5) Os inimigos dentro do estado. Trump dispara contra tudo e todos: os tribunais, as secretas e os funcionários, acusando-os de o comprometerem perante a Russia. Os despedimentos prosseguem e dentro em pouco só restarão fiéis a Bannon. Já vimos este filme noutros países e latitudes, nomeadamente em ditaduras.
6) Diplomacia. Trump não pratica a diplomacia. Não sabe o que isso é. As gaffes sucedem-se e o "bullying" é constante. Com Merkel, com o primeiro-ministo australiano, com o primeiro-ministro japonês e inclusive com o Reino Unido, onde circula uma petição (2 milhões de assinaturas) para impedir a sua ida ao Parlamento inglês.
7) Conflito de interesses. Continuam por explicar as suas ligações ao império empresarial que controla e quem fica a dirigir as as suas empresas, agora que é presidente e não pode acumular funções. A família?
8) A conexão russa. A demissão de Michael Flynn, a primeira do seu gabinete, pode indiciar outro tipo de relações e eventuais chantagens sobre o seu governo por parte da Russia. As revelações podem ser comprometedoras.
9) O regresso ao discurso da campanha. É notória a sua dificuldade em lidar com a opinião pública. Mesmo entre os conservadores, como Bush Jr. e McCain, não parece haver consenso. Quem votou nele ainda o apoia, mas por quanto tempo?
10) A governação impulsiva. Tudo em Trump o torna pouco fiável. As suas ameaças, mais não representam do que reacções escapistas perante a realidade do poder. Não conquistou mais adeptos e arranjou mais inimigos. Resta saber, qual a próxima fuga.
No discurso de hoje, anunciou um aumento de 9% (54 mil milhões de dólares) no maior Orçamento de Estado para a Defesa da história dos Estados Unidos! Os cortes serão feitos na saúde (o Obamacare só dá "despesa"), no meio-ambiente e nos apoios internacionais. O regresso às cavernas. Só falta uma guerra para incrementar a industria militar.

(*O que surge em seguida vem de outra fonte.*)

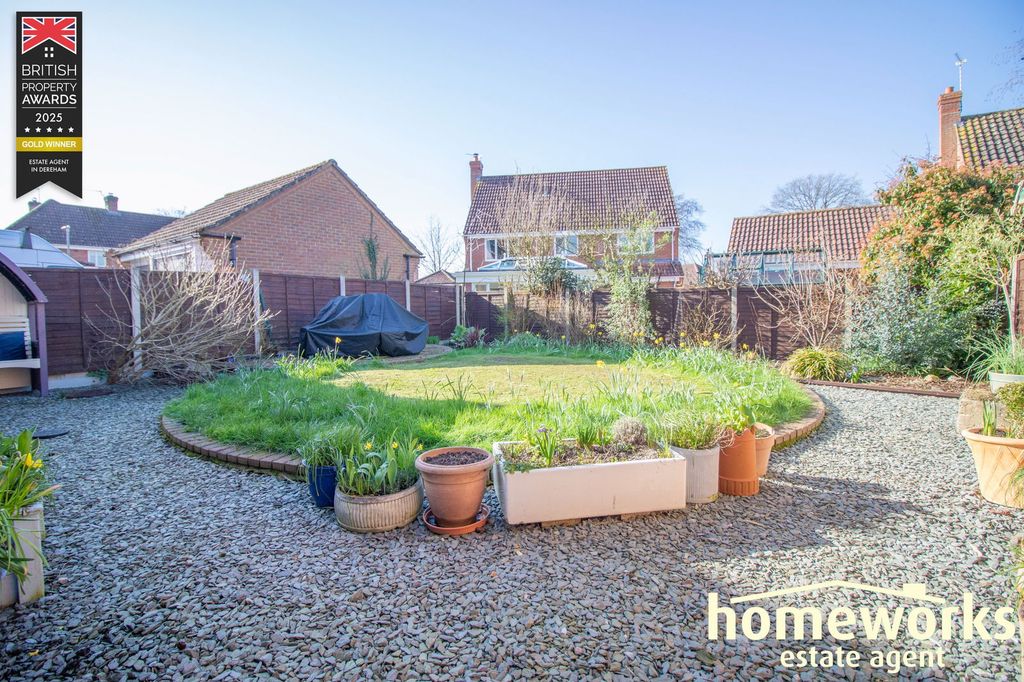 Additional image 15 of 4 bed detached house for saleTownshend Road, Dereham NR19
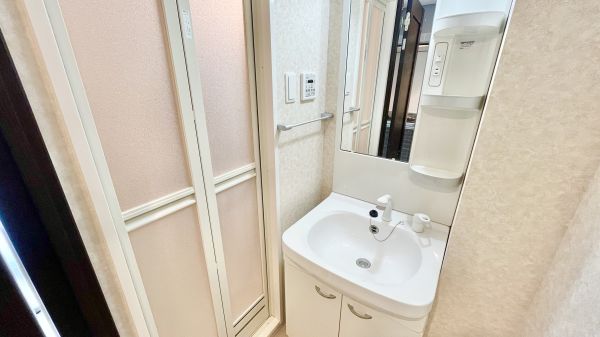 Luex此花10階1K 洗面所の画像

Voltaram as mentiras e as meias-verdades: sobre o perigo do terrorismo trazido pelos refugiados (todos os atentados terroristas praticados nos Estados Unidos, desde o ano 2000, foram praticados por americanos ou residentes no país!); a proibição de imigrantes vindos de países que apoiam o terrorismo (Líbia, Sudão, Síria, Iraque, Irão, Iémen ou Somália) é selectiva e não abrange o Egipto e a Arábia Saudita (donde vieram todos os atacantes do 11/9 e com quem os EUA mantém negócios altamente lucrativos); O aumento da violência e dos assaltos nas cidades americanas (o que é uma meia-verdade, é derivada da crise de 2008 e já está a diminuir, o que Trump nunca refere); o desemprego nas industrias tradicionais (construção civil, siderurgias, indústria automóvel) é factual, mas não pelas causas apontadas (governo de Obama) e sim devido à automatização e a factores externos como a entrada da China na OMC, etc...
Enfim, a lista é longa e não faltarão oportunidades para aumentá-la. Trump confirmou tudo o que se conhecia dele antes de ser eleito. A mentira é, nele, compulsiva. Parafraseando John Stewart, numa breve e brilhante aparição televisiva esta semana: "never believe a man who after every sentence says: believe me!".